The american political terrain, so to speak, is most favorable for a fight for freedom. The tradition of home rule, supported by the constitutional doctrine of States’ Bights, presents a formidable obstacle, if properly exploited, to the forces of collectivism. We have their own admission to that fact.

Early in the socialistic New Deal, its leaders recognized in the division of authority between state and federal governments a difficult impediment to their plans. They set their minds on overcoming it. They went so far as to draw up a blueprint for an arrangement that would circumvent, if not obliterate, the troublesome state lines. In 1940, Mr. Roosevelt’s National Resources Committee, in a report called Regional Factors in National Planning, proposed that the nation be divided into a dozen regional areas, as a basis for the coordination of federal administrative services. Recognizing that what they proposed was actually violative of the Constitution, they hastened to give assurance: the regional system, they said, "should not be considered a new form of sovereignty, not even in embryo." It would have been foolish to say anything else, since the consolidation of the states into a national unit requires, under the Constitution, the joint action of Congress and the state legislatures. Nevertheless, the report was a bid for a nationalized system, pure and simple. The committee insisted that so long as the "division of constitutional powers remained," the government is handicapped in handling "national problems." In those days the inspired propaganda insisted that the states were "finished."

Thus, the collectivists are on record as to their tactical campaign: the separate states must be wiped out or reduced to parish status. Later, they veered from a direct frontal attack on our traditional system, and went in for liquidation of state autonomy by bribery of state officials.

When you dig down to the psychology of our States’ Rights tradition you see the soundness of the collectivists’ tactics. The legal difficulties that the division of authority presents is not their main trouble; these can be circumvented by new laws, political deals, and judicial interpretations.1 The real obstacle is the psychological resistance to centralization that the States’ Rights tradition fosters. The citizen of divided allegiance cannot be reduced to subservience; if he is in the habit of serving two political gods he cannot be dominated by either one.

History supports the argument. No political authority ever achieved absolutism until the people were deprived of a choice of loyalties. It was because the early Christians put God above Caesar that they were persecuted, even though they paid homage and taxes to the established political establishment. Stalin’s liquidation of the religious and fraternal orders followed from his basic premise that the Soviet was the only deity. Mussolini was always bothered by the hold the Catholic Church had on the people, and Stalin would never have been Stalin if he had not brought the orthodox church to foot. And so, if the Californian thinks of himself as a Californian as well as an American and has two flags to support his contention, the central authority rests on shifting ground.

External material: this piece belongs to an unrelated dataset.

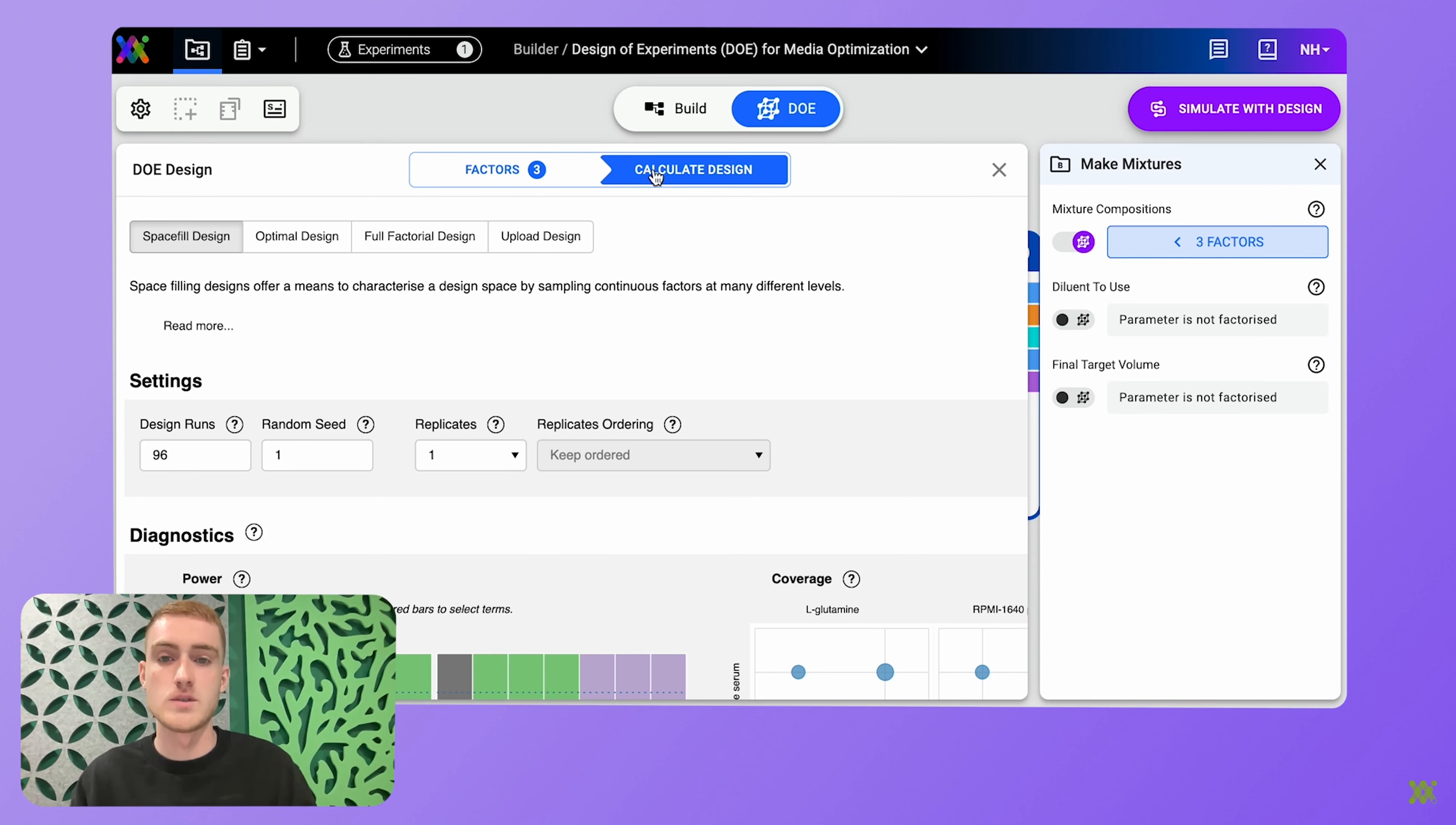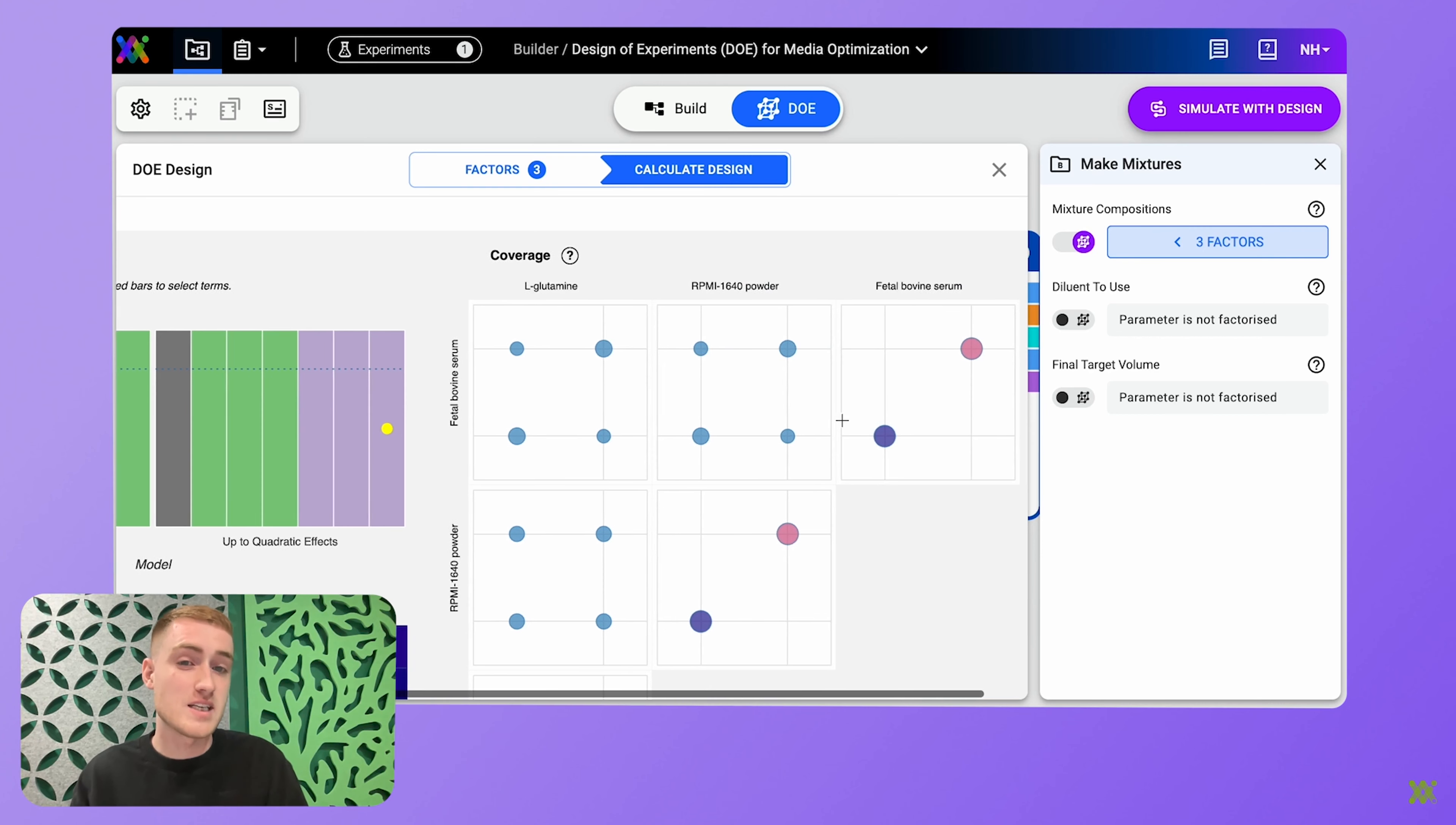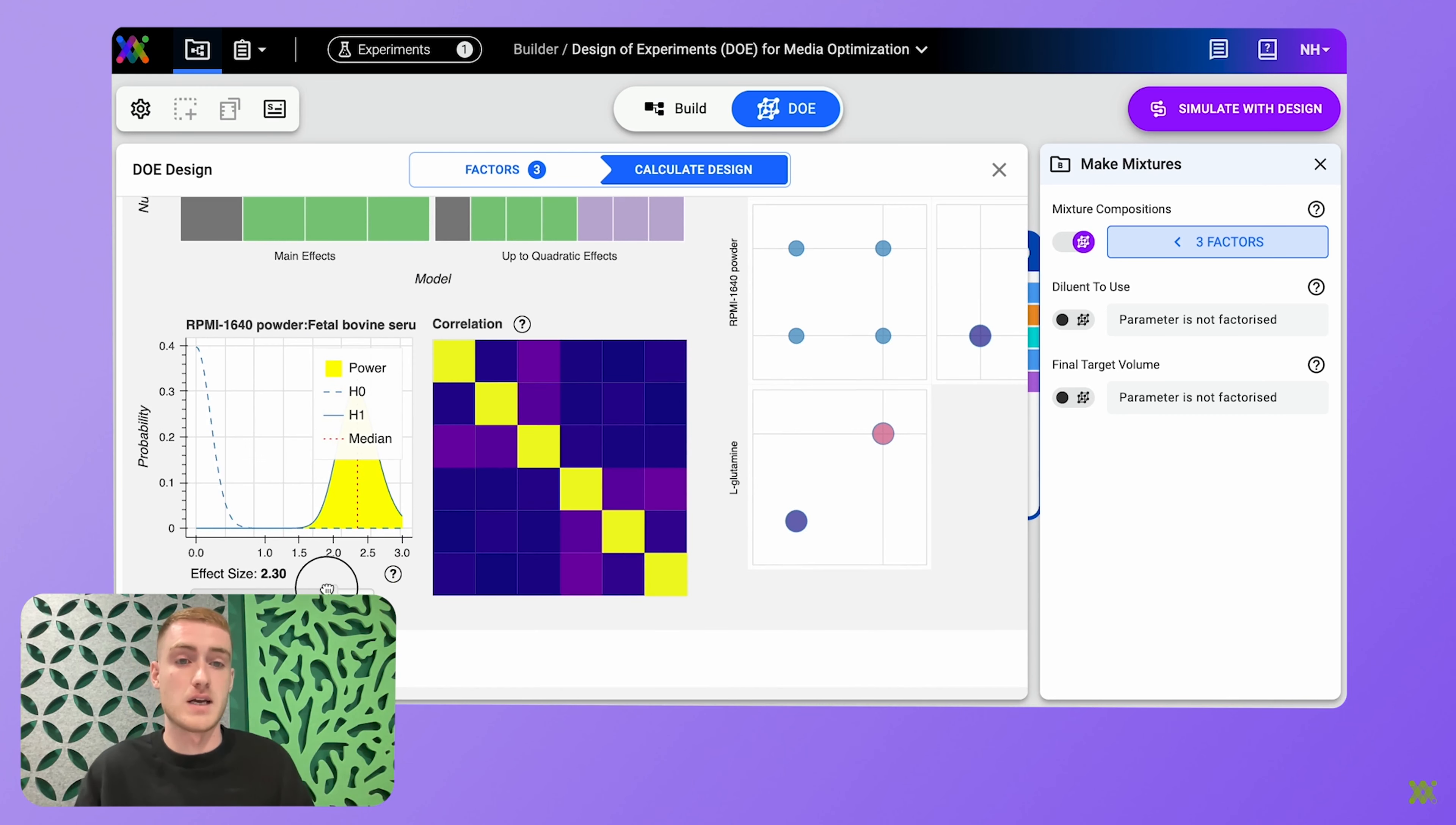So Synthase will then present to you three DOE designs to choose from, and Synthase will generate those designs using the information you've provided. So here I'm choosing a space filling design, and I'm shown the statistical power of my design. And this indicates the probability that the design will collect enough data to confidently identify real active effects.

In no country where centralism got going did the regime have to contend with divided authority such as our Constitution provides. Long before Hitler came on the scene, Bismarck had liquidated the autonomous German states. Mussolini’s march on Rome would not have gotten started in the nineteenth century when Italy was an aggregation of independent units. And, of course, the Czars handed Lenin a thoroughly centralized government.

In this country, the advocates of centralism have had hard going because of our entrenched tradition of States Rights. It is a tradition that is older than the Constitution, older than the Revolution. It is a national birthmark.

The people of the recently liberated British colonies had had their fill of unlimited government. If they were going to have any national government at all it would have to be quite different from the one they had kicked out. They would put their trust in a government of neighbors, for that kind of establishment could be watched and handled. They were for Union, of course, for by Union they had done away with the foreign tyrant, and they wanted something that would correct the imperfections in the Union they had. They sent delegates to the Philadelphia Convention to correct these imperfections. But they did not want Union at the cost of government resembling in the least that which they had discarded.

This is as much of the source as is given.